[[ DATA EXTRACT open ]]
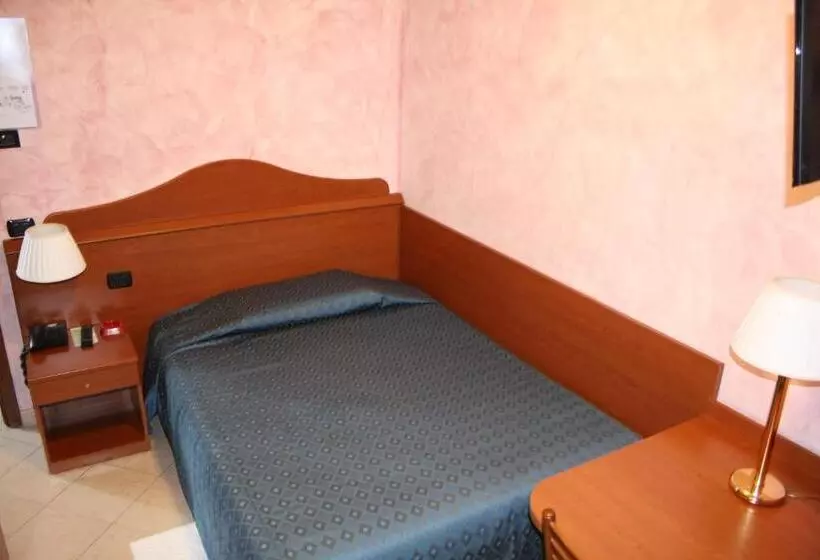 Hotelli Italia Risorta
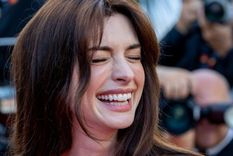 Con un zapato roto, Anne Hathaway se levanta con todo el glamour que la caracteriza. / Getty Images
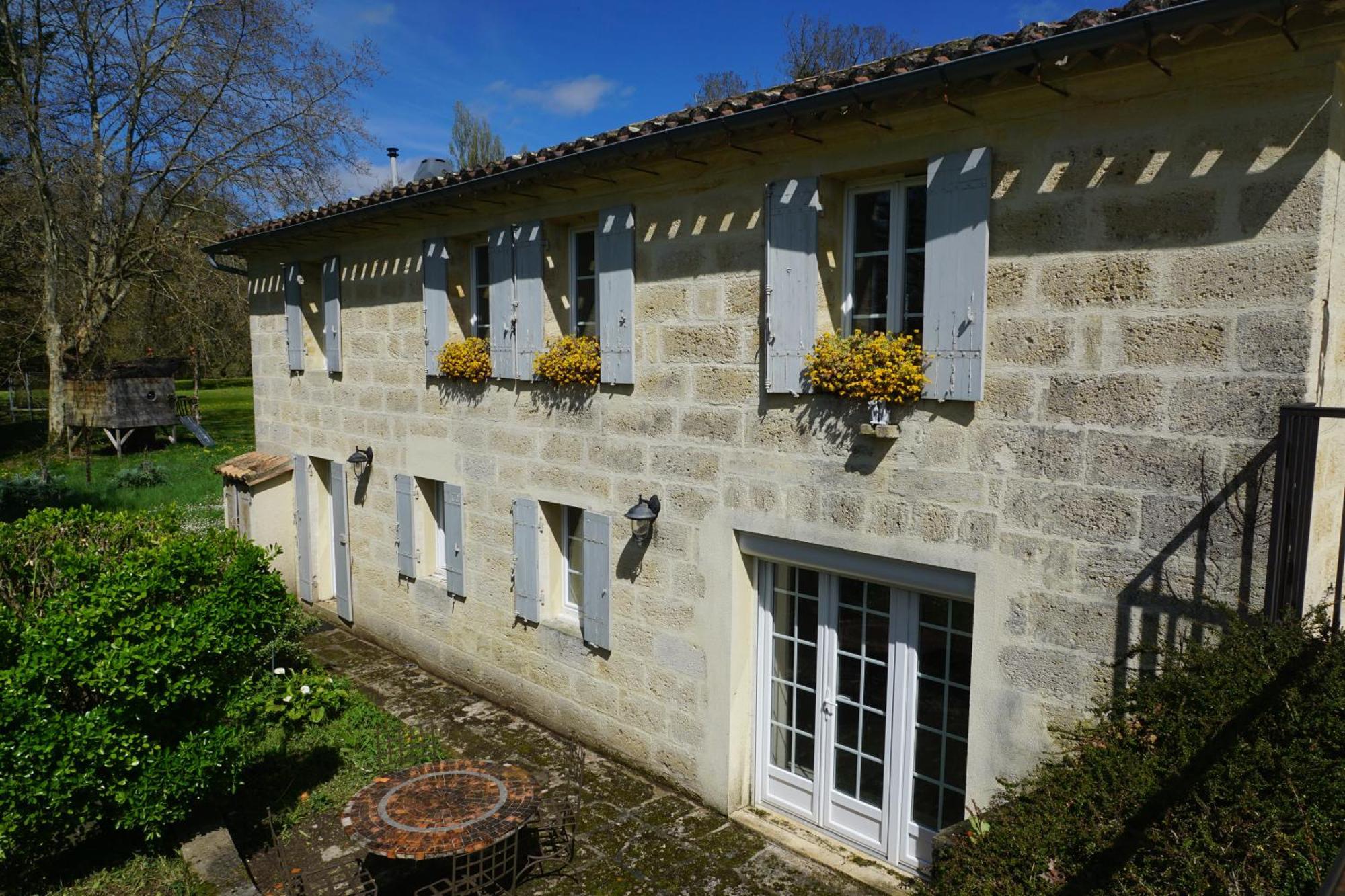 Moulin Notre Dame Hotell Saint-Genès-de-Castillon Exteriör bild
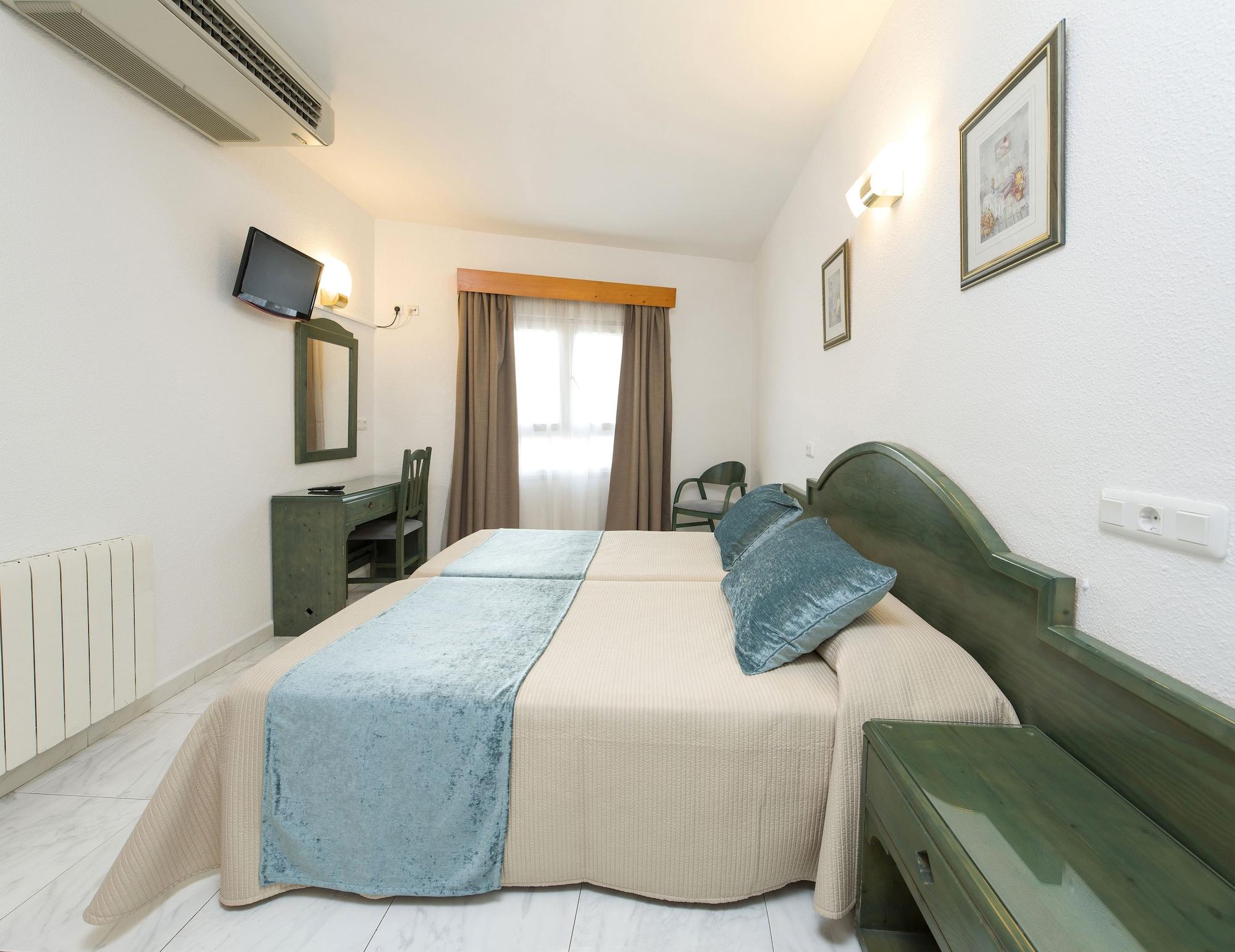 Hostal Mari Sant Antoni de Portmany Екстериор снимка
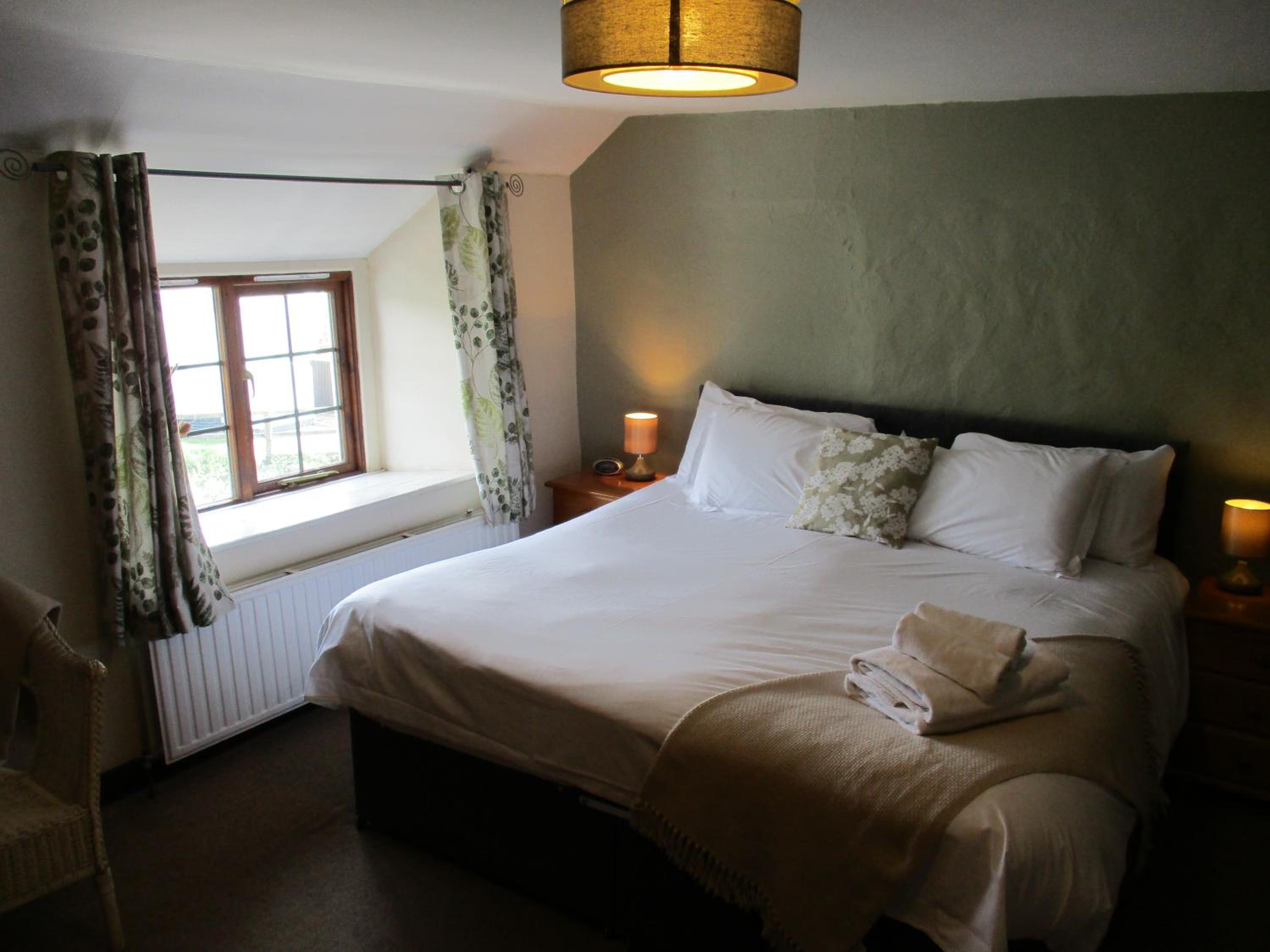 Deluxe Double Room with Garden View - Photo 9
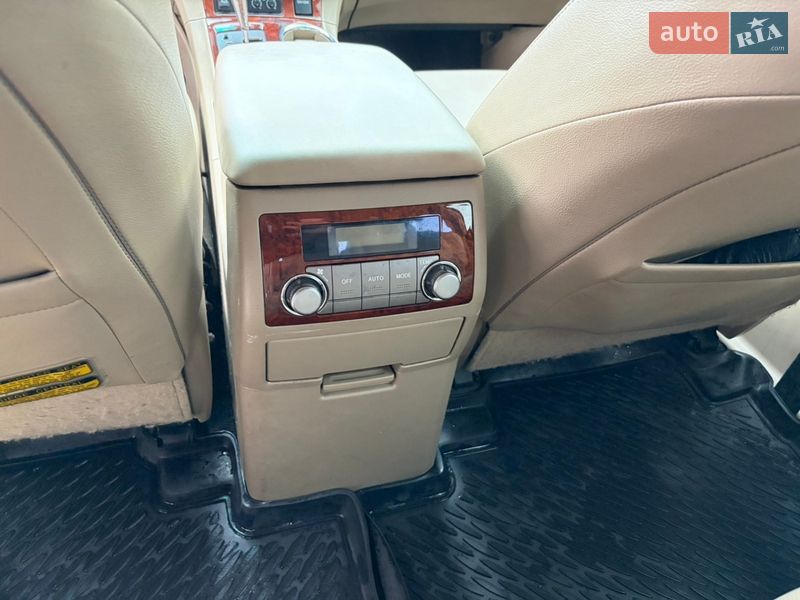 Внедорожник / Кроссовер Toyota Highlander 2012 в Харькове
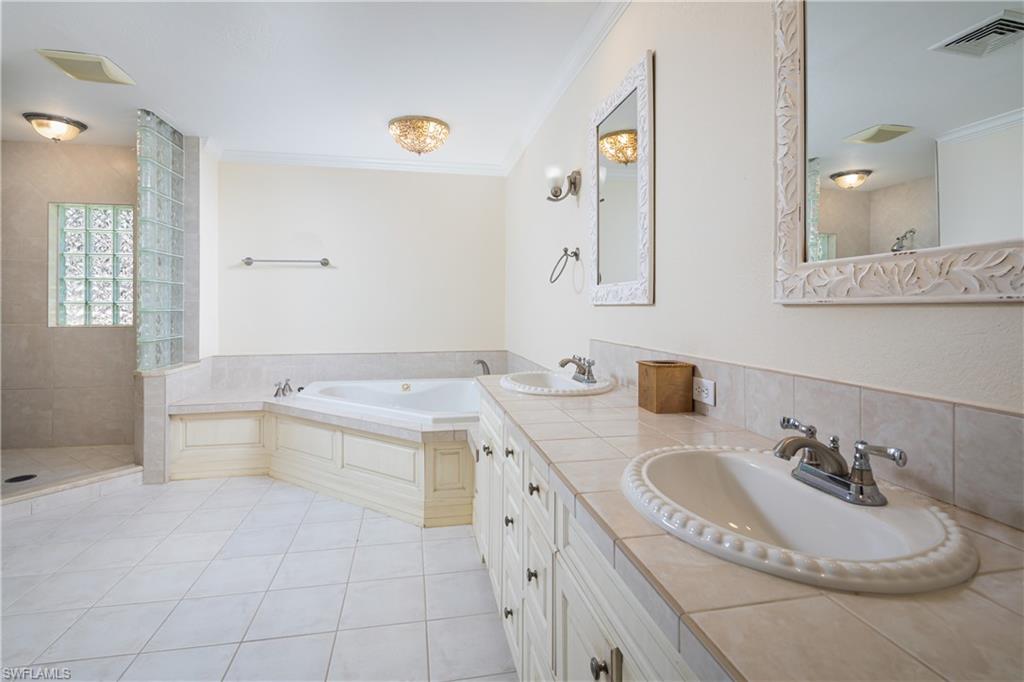 5335 Tallowood Way Naples, FL 34116 - Photo 9 of 25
[[ DATA EXTRACT closed ]]
◆ EXERCISE AIM
Please transcribe the lines from the one containing "Deluxe Double Room" to the last line of the listing, both included, exactly and with nothing added, leaving every picture out.

◆ ANSWER TO THE EXERCISE
 Deluxe Double Room with Garden View - Photo 9
 Внедорожник / Кроссовер Toyota Highlander 2012 в Харькове
 5335 Tallowood Way Naples, FL 34116 - Photo 9 of 25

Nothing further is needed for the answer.